TRY IT.
Retype, exactly as written, every line from the one containing "Private Paris E-bike" through the last line of the records below, both included; skip the pictures.

[[ DATA FOR THE TASK open ]]

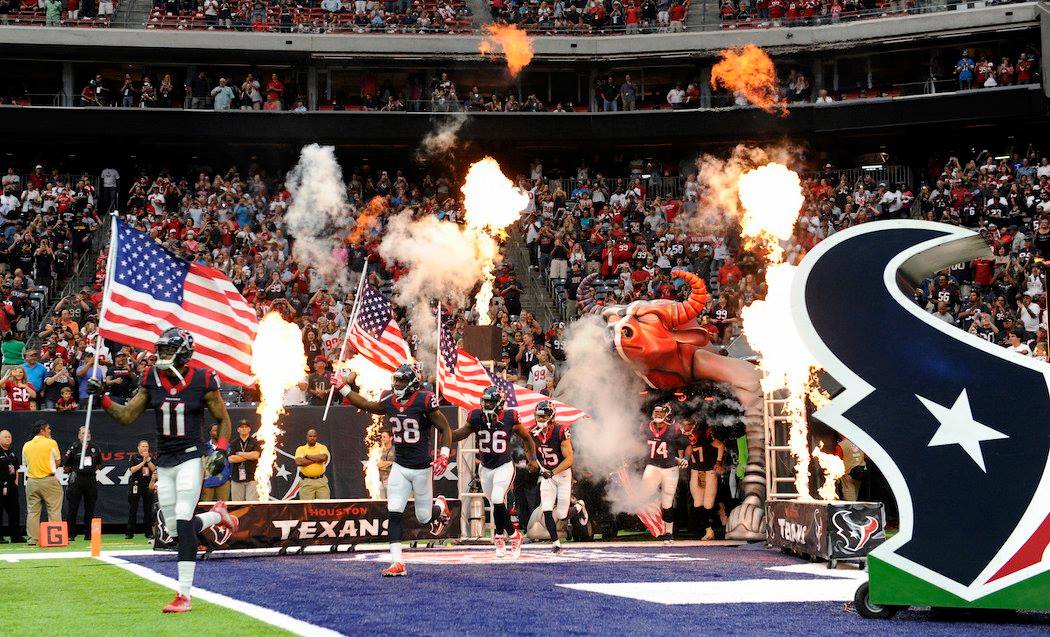 NFL - ヒューストン・テキサンズの入場シーン【AP Photo/George Bridges】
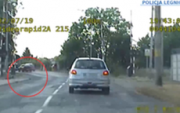 Zdjęcie z wideorejestratora zamontowanego w radiowozie pokazuje uciekający pojazd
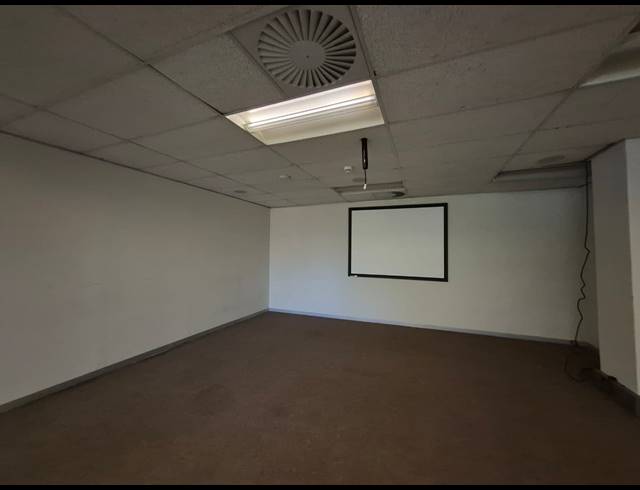 100M² OFFICE TO LET IN ROSEBANK
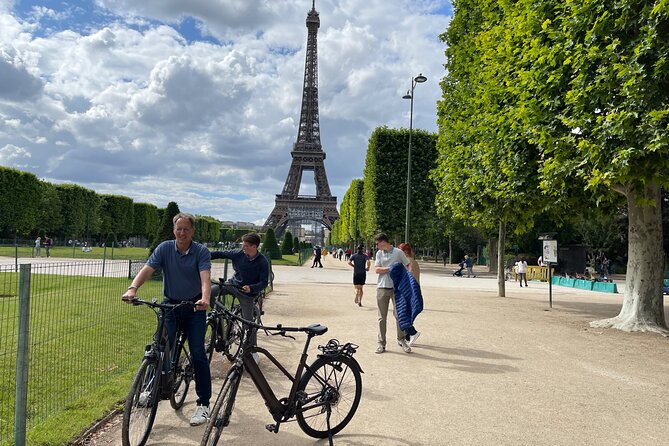 Private Paris E-bike city highlights tour - The Champs-Elysées and Arc de Triomphe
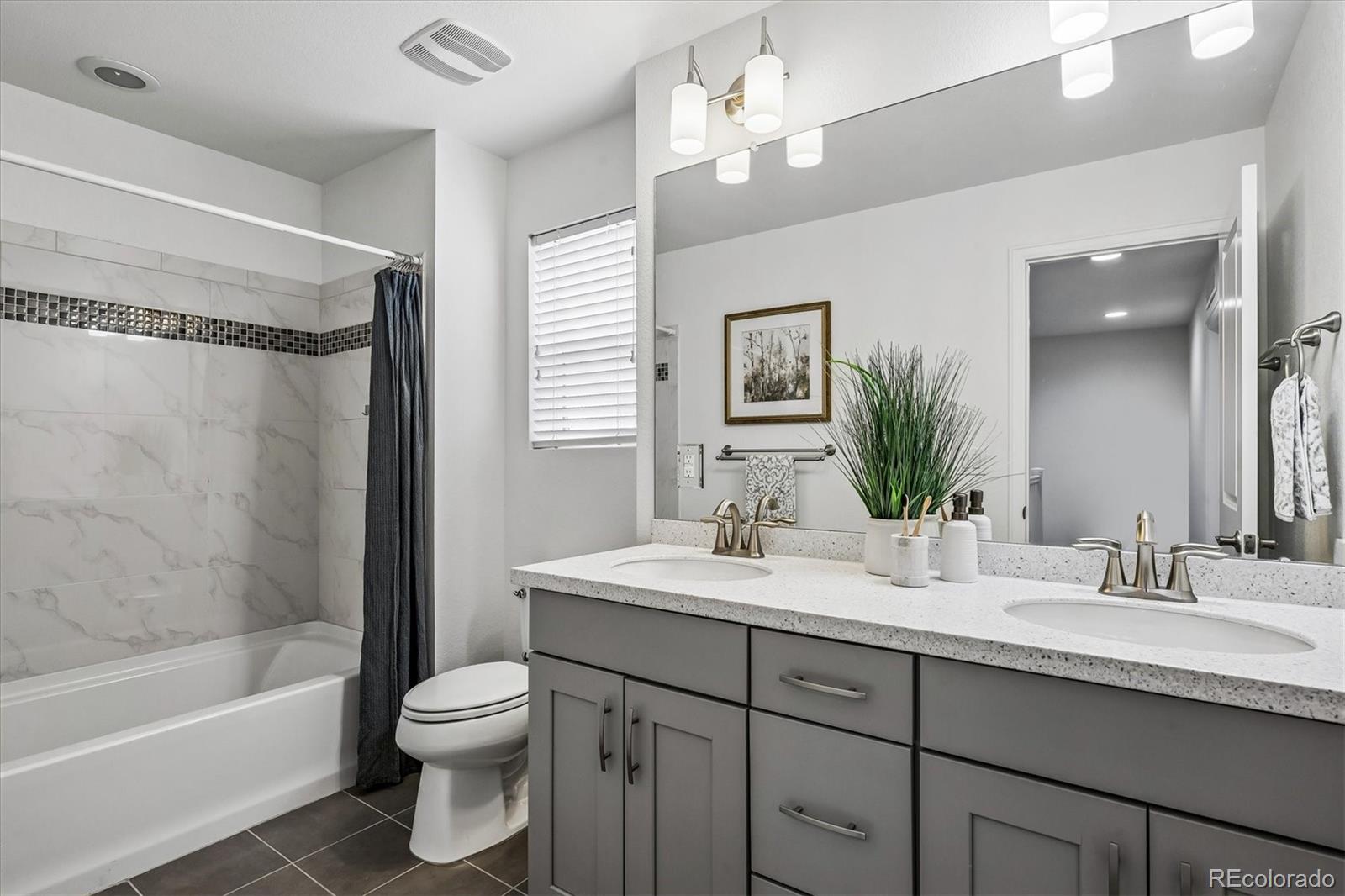MLS Image #26 for 5167  clinton street ,denver, Colorado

[[ DATA FOR THE TASK closed ]]

RESULT OF THIS TASK.
 Private Paris E-bike city highlights tour - The Champs-Elysées and Arc de Triomphe
MLS Image #26 for 5167  clinton street ,denver, Colorado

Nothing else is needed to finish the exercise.